I have a chiropractor with some Freudian insights you see. He also happened to be from the exact same town as Mr M.   We high five over this news and he continued his analysis.

"Before certain age, young kids donot play with each other, but they play along side of each other.  They don't yet know how to interact.   Back home, we have almost nothing to do in the entire winter months, so we called each other up and interacted.  But here, people call each other to go surfing, play basketball, baseball, hiking or what have you.   They are playing alongside of each other, but there is no interactions."

 I opened my mouth immediately wanting to object, but thinking back to the first few years (yes years!) when I arrived in Southern California, I couldn't help but nod.

I was a "loner" for the first time in my life.  I came from China where like it or not, hoards of people are literally pressed against your ribs almost all times, it was difficult not to make a few friends here and there who truly knew and "interacted" with you to the depth of your lives.   In my college dorm room, 8 girls shared a single desk, we have our own assigned drawers, but we went to lunches, the library, jogging, classes, dances, outings, and sometimes even bathrooms together. 

Southern California live up to its reputation of beauty in many regards.  But it had taken me years to rebuild a network of friends who truly mattered.  I've made it in a way.  However M's words struck me: "you have become one of them."   On the one hand, I now have friends who I can call up for better or for worse, who will analyze my worries and hand over all their fears and anxieties.   On the other hand,  I too have become so involved in my own sunny but busy life and established circles, that I'd forgotten the loneliness and helplessness that come with being fresh transplants.  I too have simply "gone surfing" without connecting with someone beyond the size of the waves.  Though I do care, I am not sure of what exactly to do to step out of my precious circle. 
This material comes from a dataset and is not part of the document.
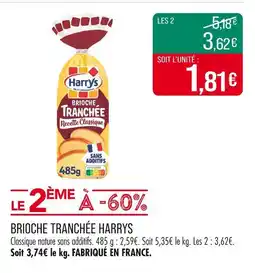 Match HARRYS Brioche tranchée offre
But perhaps there is no circle in the end, but a simple barrier of fear and trepidation that separates people (not just transplants or locals) from instant connections that last a lifetime.   Looking both deeply within and beyond, with the help of time, space, and patience,  I hope this barrier will melt like the California coastal hills, into sand and dust and become part of the lasting landscape which we hold dear, forever.